* **Task goal**
When copying the data below, keep only the lines from the one with "Example 2: n" through the one with "Our sale in", word for word, and skip the pictures.

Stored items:
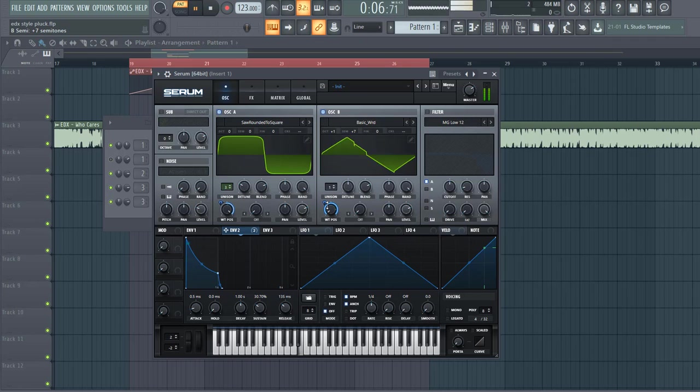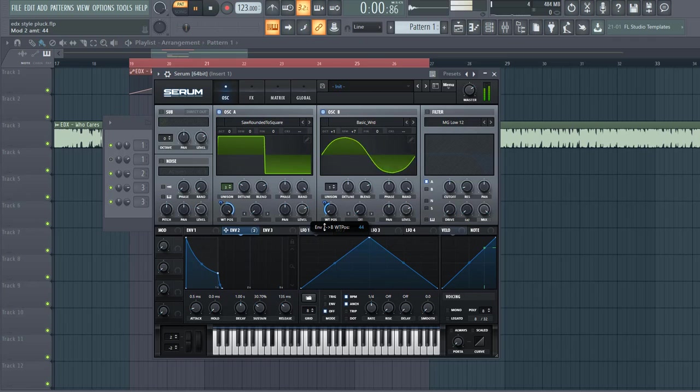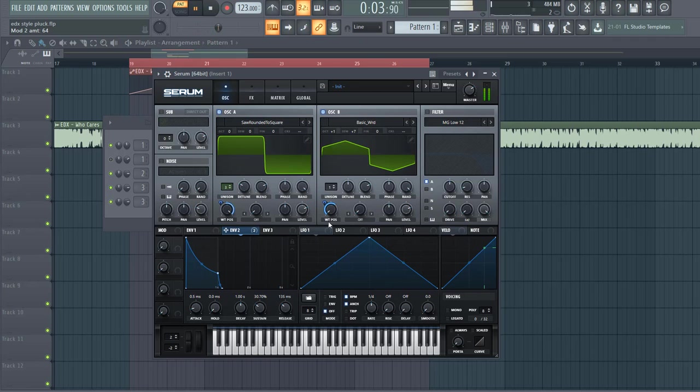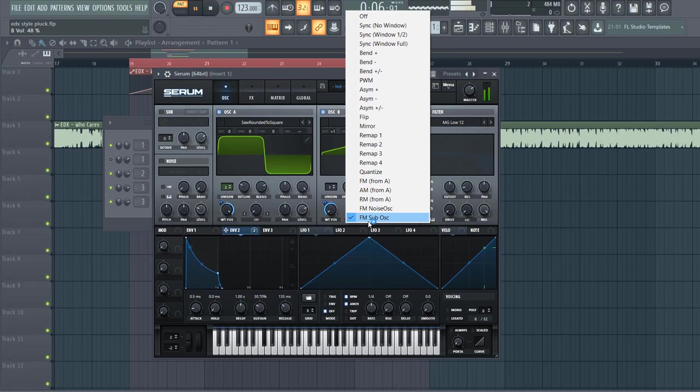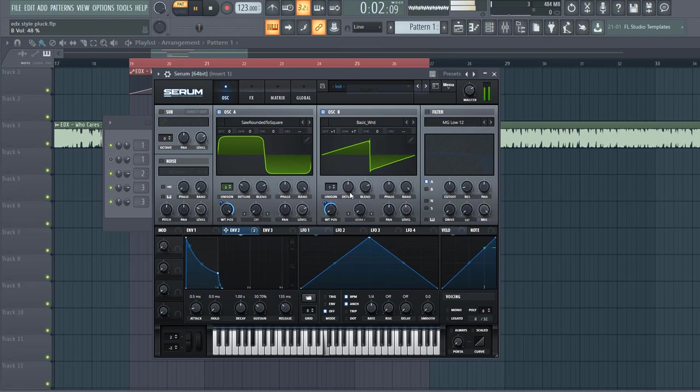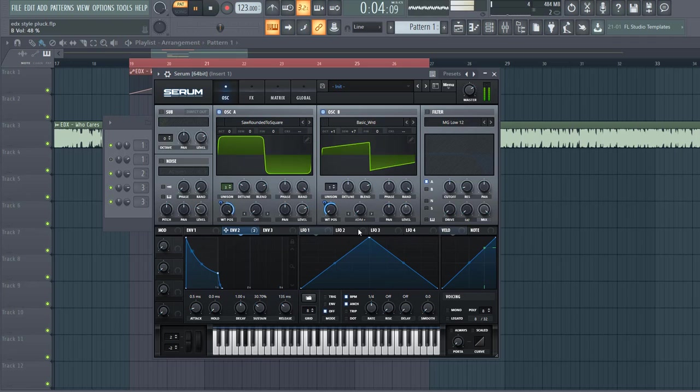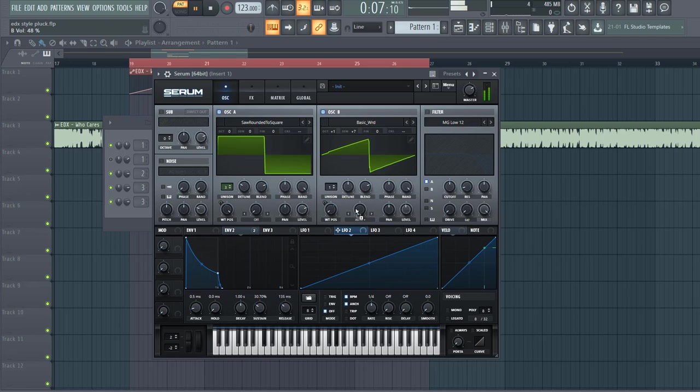Route envelope 2 to the wavetable as well, to around here. And go to FM, shape envelope 2, and route it to the FM.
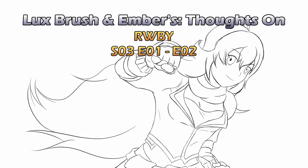Hello, I'm Lux. And I'm Ember. And this is our thoughts on RWBY, Season 3, Episodes 1 and 2. Or as they call it, Volume 3.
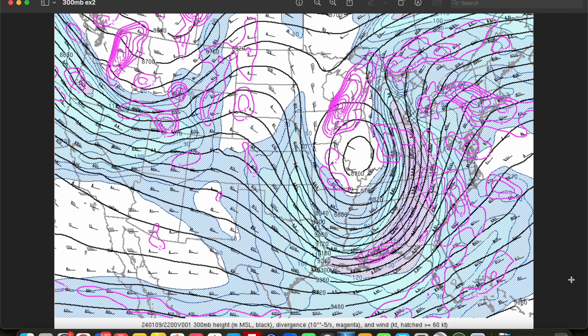Alright, that's going to do it for this episode on the 300, 250, and 200 millibar maps. In our next episode, now that we're done going through the main upper air maps, we'll take a look at some other types of weather maps you may encounter when making a forecast. Thanks for watching, and we'll see you in the next video.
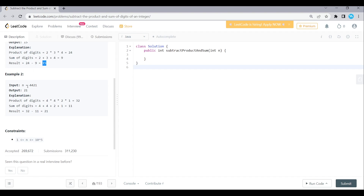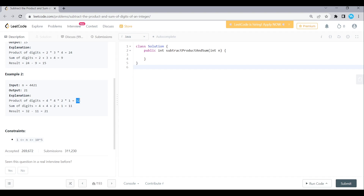Example 2: n value is 4421. Product of the digits: first digit element is 4, second digit element is 4, so 4 into 4 is 16. Third digit element is 2, so 16 into 2 is 32. Last digit element is 1, so 32 into 1 is 32. Product of the digits is 32. Sum of the digits: 4 plus 4 is 8, 8 plus 2 is 10, 10 plus 1 is 11. Return value is product minus sum: 32 minus 11 equals 21.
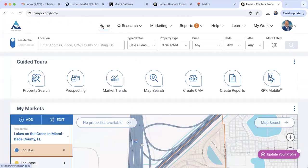RPR is an enormous program — there's so much more, including the commercial side which we will cover in our Working With Investments class. Look out for that class to learn more about the commercial side of RPR. RPR is an essential tool — one that as Realtors we should be using every day when researching properties, working with buyers, or working with sellers. Thank you all for joining today's training.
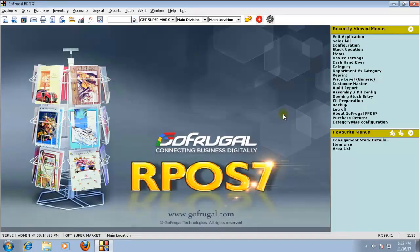In this video, I will explain you the concept of due bill in GoFrugal RPOS7.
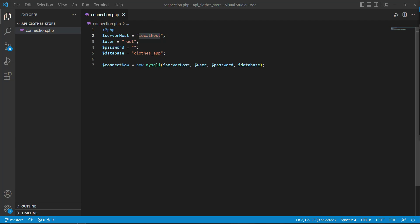Hello guys, welcome back. In this video we are going to implement the backend for signup — that is, to allow a user to register.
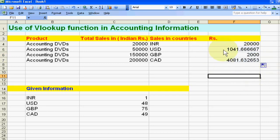Our sale in US dollars is 1041.66, in UK pounds it is 2000, and in Canadian dollars it is 4081.63. In Indian currency, these are our sales.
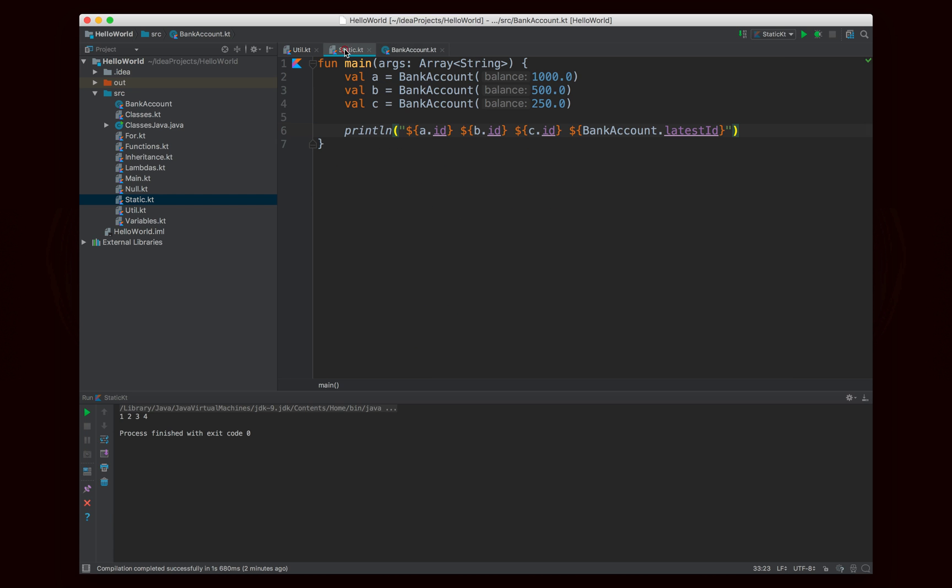So that's all for this video. We took a look at package-level static functions and members, which can be referenced anywhere within the package automatically, and also the companion object, which lets you include static members inside of classes and associate those static members with the class in question — plus a quick look at compile-time constants. Subscribe if you want to see more, comment with what you want to learn, and if you liked this video, click the like button. See you guys soon with some more coding — bye for now.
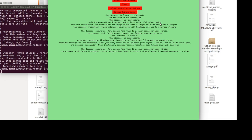The medicine composition is brompheniramine, chlorpheniramine, and similar compounds. Then comes the medicine description: anti-stermine treats allergic rhinitis and other allergies. The precautions a patient should take include: apply calamine to the area, use a bandage, use ice to compress itching, and so on. The disease occurrence is very common — more than 10 million cases — and the cause and risk factors such as dramatic family history are also shown.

* **Expected answer**
Example 2: n value is 4421. Product of the digits: first digit element is 4, second digit element is 4, so 4 into 4 is 16. Third digit element is 2, so 16 into 2 is 32. Last digit element is 1, so 32 into 1 is 32. Product of the digits is 32. Sum of the digits: 4 plus 4 is 8, 8 plus 2 is 10, 10 plus 1 is 11. Return value is product minus sum: 32 minus 11 equals 21.
RPR is an enormous program — there's so much more, including the commercial side which we will cover in our Working With Investments class. Look out for that class to learn more about the commercial side of RPR. RPR is an essential tool — one that as Realtors we should be using every day when researching properties, working with buyers, or working with sellers. Thank you all for joining today's training.
In this video, I will explain you the concept of due bill in GoFrugal RPOS7.
Hello guys, welcome back. In this video we are going to implement the backend for signup — that is, to allow a user to register.
Our sale in US dollars is 1041.66, in UK pounds it is 2000, and in Canadian dollars it is 4081.63. In Indian currency, these are our sales.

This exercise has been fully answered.